D’altra parte, la compagnia si preparava alla recita di una terza commedia, bisognava cambiar la scena, il posto era ristretto.

I signori capirono e si ritirarono, brontolando un poco. I più incaponiti andarono ad aspettarla nell’atrio, per salutarla al suo passaggio.

Intanto, andando al suo camerino, Gilda ebbe una gradita sorpresa; mistress Thionny l’aspettava nel corridoio. Si era presentata come una parente, e l’avevano mandata là. Entrarono insieme nel camerino e si chiusero dentro.
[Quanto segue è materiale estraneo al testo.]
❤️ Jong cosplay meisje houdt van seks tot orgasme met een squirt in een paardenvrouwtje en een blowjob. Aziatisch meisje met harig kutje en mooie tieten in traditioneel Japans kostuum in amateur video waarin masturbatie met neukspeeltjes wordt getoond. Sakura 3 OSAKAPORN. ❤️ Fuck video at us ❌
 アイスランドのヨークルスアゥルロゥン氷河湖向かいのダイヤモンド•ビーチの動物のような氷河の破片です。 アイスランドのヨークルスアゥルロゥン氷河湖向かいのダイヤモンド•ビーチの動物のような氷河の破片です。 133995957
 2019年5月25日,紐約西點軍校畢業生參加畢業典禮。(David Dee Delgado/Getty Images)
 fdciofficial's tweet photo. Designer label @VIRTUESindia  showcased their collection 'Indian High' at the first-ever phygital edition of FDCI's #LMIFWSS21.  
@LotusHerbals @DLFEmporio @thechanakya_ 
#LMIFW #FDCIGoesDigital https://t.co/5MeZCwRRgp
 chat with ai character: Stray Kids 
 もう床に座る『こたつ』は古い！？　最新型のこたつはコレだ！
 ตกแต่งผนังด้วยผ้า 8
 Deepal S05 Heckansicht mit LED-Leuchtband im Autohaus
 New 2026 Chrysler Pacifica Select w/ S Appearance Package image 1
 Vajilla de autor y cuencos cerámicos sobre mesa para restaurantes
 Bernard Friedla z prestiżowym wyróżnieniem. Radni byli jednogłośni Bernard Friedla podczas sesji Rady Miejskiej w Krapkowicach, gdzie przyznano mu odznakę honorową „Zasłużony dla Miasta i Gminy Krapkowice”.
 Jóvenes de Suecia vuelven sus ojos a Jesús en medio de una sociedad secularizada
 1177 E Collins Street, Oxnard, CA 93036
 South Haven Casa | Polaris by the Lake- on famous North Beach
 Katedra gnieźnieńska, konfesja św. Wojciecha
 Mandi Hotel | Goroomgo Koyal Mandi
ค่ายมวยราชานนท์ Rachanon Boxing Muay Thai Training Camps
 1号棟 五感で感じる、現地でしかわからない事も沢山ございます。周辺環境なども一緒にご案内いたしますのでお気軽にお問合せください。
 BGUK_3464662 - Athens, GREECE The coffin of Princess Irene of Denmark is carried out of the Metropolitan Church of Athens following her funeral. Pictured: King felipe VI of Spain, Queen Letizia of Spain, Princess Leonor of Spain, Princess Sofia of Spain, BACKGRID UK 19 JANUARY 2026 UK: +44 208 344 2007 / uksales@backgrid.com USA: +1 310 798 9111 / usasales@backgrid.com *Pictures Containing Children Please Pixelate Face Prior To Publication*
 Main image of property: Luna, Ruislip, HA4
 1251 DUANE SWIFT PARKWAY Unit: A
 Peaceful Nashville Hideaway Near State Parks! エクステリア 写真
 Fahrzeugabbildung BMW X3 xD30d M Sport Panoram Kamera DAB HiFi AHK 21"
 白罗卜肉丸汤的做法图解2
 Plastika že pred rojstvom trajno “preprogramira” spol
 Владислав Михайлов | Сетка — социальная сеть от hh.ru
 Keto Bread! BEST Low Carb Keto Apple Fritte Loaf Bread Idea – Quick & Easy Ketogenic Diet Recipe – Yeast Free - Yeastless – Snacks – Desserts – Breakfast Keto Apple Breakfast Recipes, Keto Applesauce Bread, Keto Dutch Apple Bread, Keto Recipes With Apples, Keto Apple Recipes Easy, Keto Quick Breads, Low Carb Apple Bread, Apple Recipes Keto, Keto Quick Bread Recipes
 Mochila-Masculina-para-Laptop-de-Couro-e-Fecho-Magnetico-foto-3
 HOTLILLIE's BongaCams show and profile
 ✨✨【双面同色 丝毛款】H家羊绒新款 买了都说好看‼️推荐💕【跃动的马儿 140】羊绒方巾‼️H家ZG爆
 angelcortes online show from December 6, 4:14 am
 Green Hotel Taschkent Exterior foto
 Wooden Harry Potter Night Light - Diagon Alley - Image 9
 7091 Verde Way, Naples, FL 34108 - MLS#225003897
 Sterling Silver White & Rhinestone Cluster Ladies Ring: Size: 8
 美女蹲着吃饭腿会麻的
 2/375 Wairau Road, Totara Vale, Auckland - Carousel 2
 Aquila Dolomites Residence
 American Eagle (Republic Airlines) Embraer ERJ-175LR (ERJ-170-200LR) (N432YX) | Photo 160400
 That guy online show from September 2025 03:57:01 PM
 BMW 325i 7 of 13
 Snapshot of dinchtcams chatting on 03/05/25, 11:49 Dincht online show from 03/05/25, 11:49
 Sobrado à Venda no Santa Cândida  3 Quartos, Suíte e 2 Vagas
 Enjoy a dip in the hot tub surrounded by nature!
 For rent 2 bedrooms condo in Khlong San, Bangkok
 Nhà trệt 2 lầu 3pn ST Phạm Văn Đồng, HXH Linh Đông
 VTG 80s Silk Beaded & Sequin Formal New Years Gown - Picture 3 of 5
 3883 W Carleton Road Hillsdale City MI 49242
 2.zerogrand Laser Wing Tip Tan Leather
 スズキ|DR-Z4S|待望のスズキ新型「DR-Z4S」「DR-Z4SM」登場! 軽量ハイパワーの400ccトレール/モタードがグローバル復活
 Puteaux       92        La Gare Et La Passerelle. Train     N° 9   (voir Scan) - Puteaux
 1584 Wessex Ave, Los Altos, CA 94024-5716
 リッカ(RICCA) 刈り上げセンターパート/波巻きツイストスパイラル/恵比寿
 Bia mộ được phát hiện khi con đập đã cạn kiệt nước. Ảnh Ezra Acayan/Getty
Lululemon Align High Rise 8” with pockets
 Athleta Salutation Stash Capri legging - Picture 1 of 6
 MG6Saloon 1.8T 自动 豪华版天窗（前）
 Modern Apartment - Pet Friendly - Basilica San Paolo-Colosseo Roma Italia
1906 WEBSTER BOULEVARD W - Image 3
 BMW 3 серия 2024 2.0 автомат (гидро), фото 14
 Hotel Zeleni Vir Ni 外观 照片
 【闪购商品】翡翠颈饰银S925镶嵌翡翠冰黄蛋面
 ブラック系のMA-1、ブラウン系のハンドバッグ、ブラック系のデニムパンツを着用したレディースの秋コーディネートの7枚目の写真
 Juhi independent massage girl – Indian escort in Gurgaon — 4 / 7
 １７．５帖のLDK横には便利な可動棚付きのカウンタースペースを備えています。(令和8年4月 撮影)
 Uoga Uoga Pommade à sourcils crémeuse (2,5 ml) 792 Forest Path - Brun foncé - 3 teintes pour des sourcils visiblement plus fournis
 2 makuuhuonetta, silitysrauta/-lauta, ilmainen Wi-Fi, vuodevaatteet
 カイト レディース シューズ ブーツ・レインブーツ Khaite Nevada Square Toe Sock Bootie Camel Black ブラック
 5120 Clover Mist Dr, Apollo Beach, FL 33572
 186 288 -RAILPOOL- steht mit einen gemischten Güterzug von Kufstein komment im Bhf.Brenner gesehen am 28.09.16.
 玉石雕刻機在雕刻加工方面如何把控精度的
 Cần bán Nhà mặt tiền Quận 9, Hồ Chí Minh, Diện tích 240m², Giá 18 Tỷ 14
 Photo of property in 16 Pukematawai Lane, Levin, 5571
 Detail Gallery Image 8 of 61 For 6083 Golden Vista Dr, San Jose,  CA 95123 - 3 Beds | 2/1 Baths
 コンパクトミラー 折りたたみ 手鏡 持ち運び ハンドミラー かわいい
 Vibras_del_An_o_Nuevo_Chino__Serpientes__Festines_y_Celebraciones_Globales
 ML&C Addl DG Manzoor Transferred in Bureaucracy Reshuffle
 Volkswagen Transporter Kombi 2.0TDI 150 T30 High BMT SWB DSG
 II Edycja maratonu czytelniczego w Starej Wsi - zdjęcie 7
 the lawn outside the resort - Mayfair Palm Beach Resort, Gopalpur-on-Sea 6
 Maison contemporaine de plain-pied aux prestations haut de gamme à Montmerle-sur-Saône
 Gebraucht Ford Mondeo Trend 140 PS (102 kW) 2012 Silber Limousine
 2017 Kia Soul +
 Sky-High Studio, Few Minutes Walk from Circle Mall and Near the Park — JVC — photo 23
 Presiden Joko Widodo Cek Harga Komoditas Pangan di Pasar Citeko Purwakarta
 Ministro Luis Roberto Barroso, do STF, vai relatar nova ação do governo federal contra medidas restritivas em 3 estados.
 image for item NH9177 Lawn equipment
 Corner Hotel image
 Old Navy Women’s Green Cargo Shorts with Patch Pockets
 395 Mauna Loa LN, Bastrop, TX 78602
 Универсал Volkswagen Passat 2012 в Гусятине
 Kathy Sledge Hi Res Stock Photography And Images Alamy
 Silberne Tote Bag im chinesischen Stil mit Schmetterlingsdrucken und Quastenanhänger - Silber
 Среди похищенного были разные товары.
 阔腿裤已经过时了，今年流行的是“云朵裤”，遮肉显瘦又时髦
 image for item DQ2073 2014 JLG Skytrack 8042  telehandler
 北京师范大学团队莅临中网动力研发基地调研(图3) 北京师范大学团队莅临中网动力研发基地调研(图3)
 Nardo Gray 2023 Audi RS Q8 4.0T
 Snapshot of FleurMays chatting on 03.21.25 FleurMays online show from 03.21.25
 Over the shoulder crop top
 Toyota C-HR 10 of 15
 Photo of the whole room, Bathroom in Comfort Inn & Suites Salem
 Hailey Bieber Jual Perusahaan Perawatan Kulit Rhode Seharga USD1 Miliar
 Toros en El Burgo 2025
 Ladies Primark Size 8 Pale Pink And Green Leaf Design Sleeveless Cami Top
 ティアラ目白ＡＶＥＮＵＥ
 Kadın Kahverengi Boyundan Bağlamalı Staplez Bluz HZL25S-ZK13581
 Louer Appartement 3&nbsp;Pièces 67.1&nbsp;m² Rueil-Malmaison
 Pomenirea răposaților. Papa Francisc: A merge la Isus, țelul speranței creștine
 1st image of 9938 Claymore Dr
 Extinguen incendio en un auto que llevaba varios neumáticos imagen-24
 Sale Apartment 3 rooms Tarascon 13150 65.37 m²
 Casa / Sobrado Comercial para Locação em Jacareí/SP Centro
Gilda era tutta commossa, tutta presa dal piacere di rivedere la sua vecchia amica; ma non poteva vincere un senso di vergogna, che le faceva tenere gli occhi bassi, in mezzo a quegli enormi mazzi di fiori, sotto ai quali sparivano completamente i due divanetti e la toelette, unico mobilio del camerino.

L’inglese invece aveva portato con sè tutto l’eccitamento della folla, in mezzo a cui si era trovata, su nella galleria, e non finiva di lodarla. Le pareva tanto elegante, tanto bella, tanto artista.

Oh! se il professore Rachelli fosse stato là, come sarebbe stato felice di vederla nel suo trionfo come l’avrebbe adorata! E si metteva a raccontare del buon professore, dell’affetto sincero che ella gli aveva ispirato, dei discorsi gentili, poetici, dei bei progetti ch’egli faceva tutti i giorni mentre l’aspettavano.